[Opening RECORDS SHOWN section]
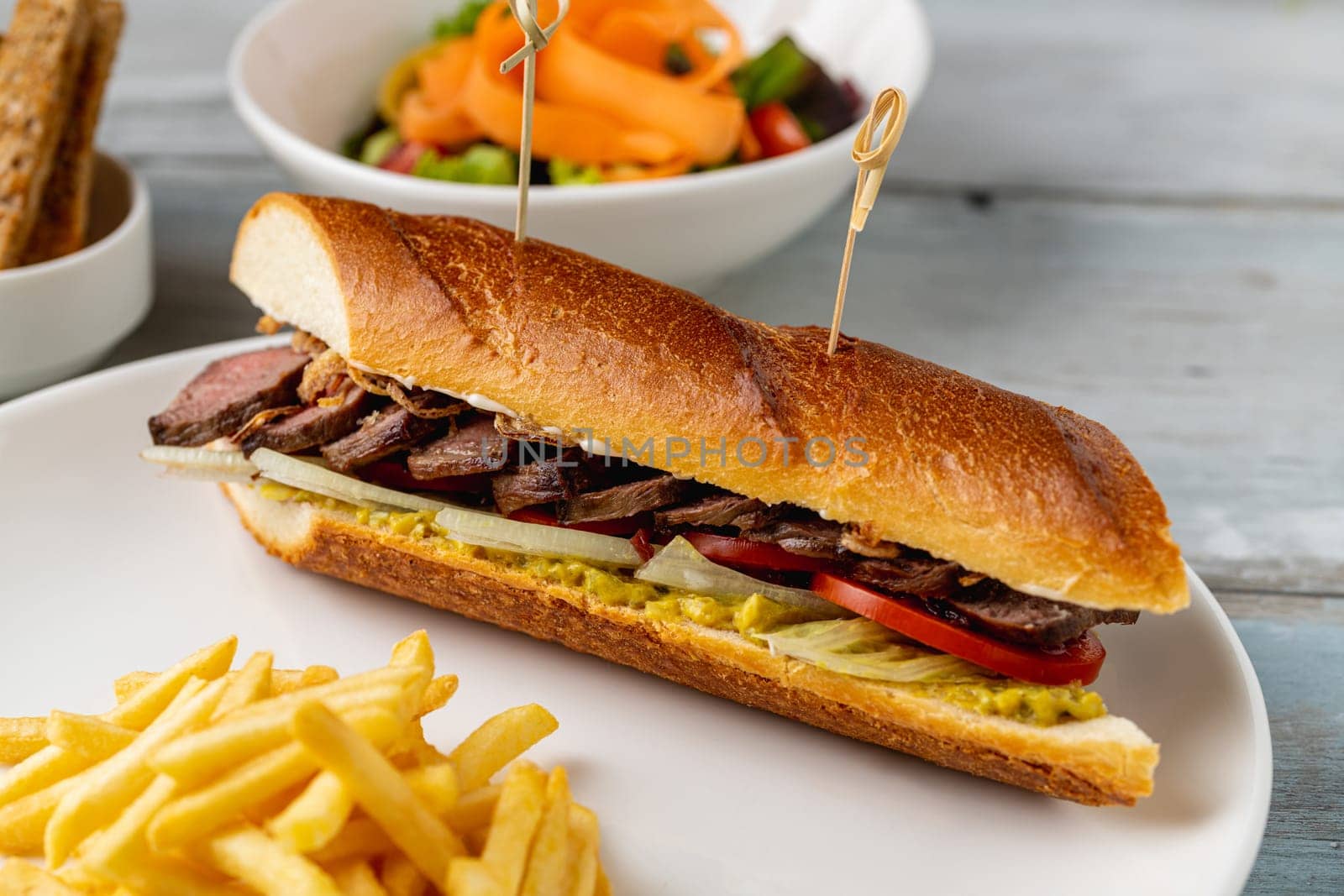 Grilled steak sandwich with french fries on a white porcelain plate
[Closing RECORDS SHOWN section]
[Opening RECORDS SHOWN section]
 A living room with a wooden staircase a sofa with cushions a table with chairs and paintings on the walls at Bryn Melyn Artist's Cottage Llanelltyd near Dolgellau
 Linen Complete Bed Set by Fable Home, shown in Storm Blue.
[Closing RECORDS SHOWN section]
[Opening RECORDS SHOWN section]
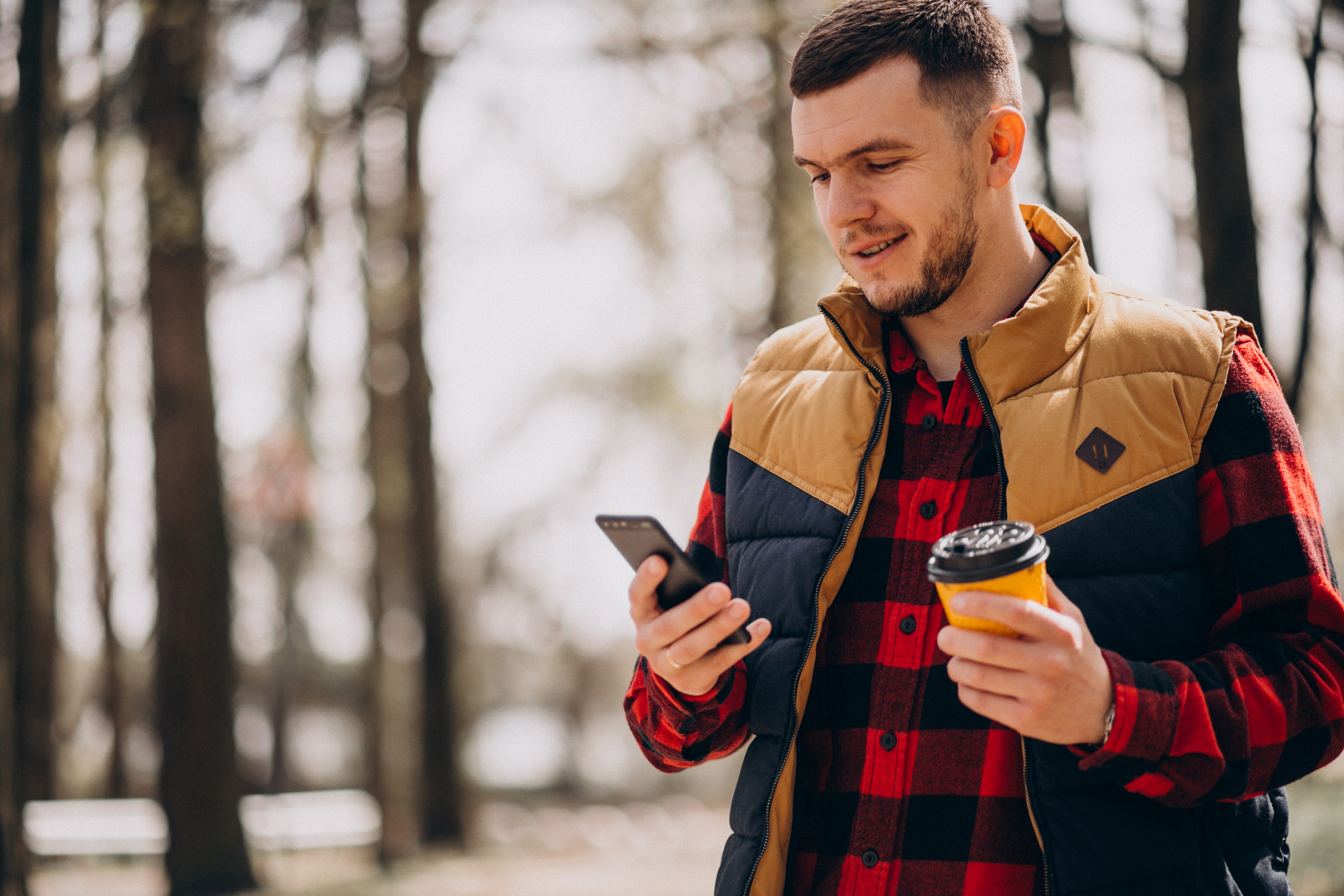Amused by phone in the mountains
[Closing RECORDS SHOWN section]
[WHAT IS EXPECTED]
All that is wanted is an exact copy of the lines above from the one with "A living room" through the one with "Linen Complete Bed", with both ends included.

[REPLY TO THE EXERCISE]
 A living room with a wooden staircase a sofa with cushions a table with chairs and paintings on the walls at Bryn Melyn Artist's Cottage Llanelltyd near Dolgellau
 Linen Complete Bed Set by Fable Home, shown in Storm Blue.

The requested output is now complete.